視線を彷徨わせていると、司会役の松田先輩が柔らかな笑みを浮かべながら議論を進めていく。
「さて、次はビジョンを決めましょうか」
松田先輩が集中討議を進めていく。
「宮西さん、大丈夫?『ビジョン』って言葉、最初はわかりにくいよね」
優しい声掛けに緊張がほぐれる。
「正直、ぼんやりとしかわかりません」
と正直に答えると、先輩はおっとりとした口調で丁寧に説明を始めてくれた。
「簡単に言うと、ビジョンは未来の理想像よ。私たちの組織がどんな世界を目指したいのかを表したものものなの。ミッションが『存在意義』だとしたら、ビジョンはその次の『どんな未来を実現したいか』に焦点を当てるの」
先輩から説明を受けたのだけど、私の中ではまだその概念がふわふわと漂っている。
「理想像」と聞けば何となくイメージできるような気もするけれど、組織の未来となると難しい。
「宮西さんも、自分の考える理想像を出してみて」
そう言われて、頭を巡らせてみる。

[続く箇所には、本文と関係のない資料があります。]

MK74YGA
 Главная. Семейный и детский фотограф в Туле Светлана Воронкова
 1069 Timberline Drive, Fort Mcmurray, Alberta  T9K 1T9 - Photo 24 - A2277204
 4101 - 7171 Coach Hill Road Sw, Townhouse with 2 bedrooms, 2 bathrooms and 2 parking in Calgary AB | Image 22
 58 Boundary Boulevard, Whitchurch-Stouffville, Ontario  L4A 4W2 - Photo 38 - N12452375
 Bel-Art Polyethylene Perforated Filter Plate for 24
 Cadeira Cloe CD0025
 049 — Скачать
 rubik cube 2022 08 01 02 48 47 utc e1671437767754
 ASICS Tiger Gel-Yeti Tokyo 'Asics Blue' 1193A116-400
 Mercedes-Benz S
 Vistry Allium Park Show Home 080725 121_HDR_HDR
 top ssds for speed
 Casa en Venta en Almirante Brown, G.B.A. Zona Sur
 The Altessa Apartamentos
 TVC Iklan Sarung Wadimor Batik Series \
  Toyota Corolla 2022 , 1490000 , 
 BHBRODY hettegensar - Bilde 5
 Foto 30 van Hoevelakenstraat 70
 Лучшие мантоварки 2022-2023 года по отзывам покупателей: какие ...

けれども浮かんでくるのは、仕事とは全然関係ない自分のプライベートな理想像ばかりだった。
仕事を終えて家に帰ったら、ソファにゴロンと横になり、録画しておいたドラマを観る。
そういう穏やかな日常が、私にとっての「理想の未来」だ。仕事の議論の場で言うべきことじゃないのはわかっているけれど、頭の中ではそんな妄想が広がってしまう。
しばらくして、意を決して口を開いた。
「まだうまく言葉にできないんですが……みんなが安心して働ける環境が大事だと思います」
自分でも驚くほど平凡な意見だったけれど、松田先輩は「いい考えね」と優しく頷いてくれた。私の小さな妄想と、組織が目指す大きな目標は一見すると全く別物。でも、どちらも「未来」を見据えた考えであることに変わりはないのかもしれない。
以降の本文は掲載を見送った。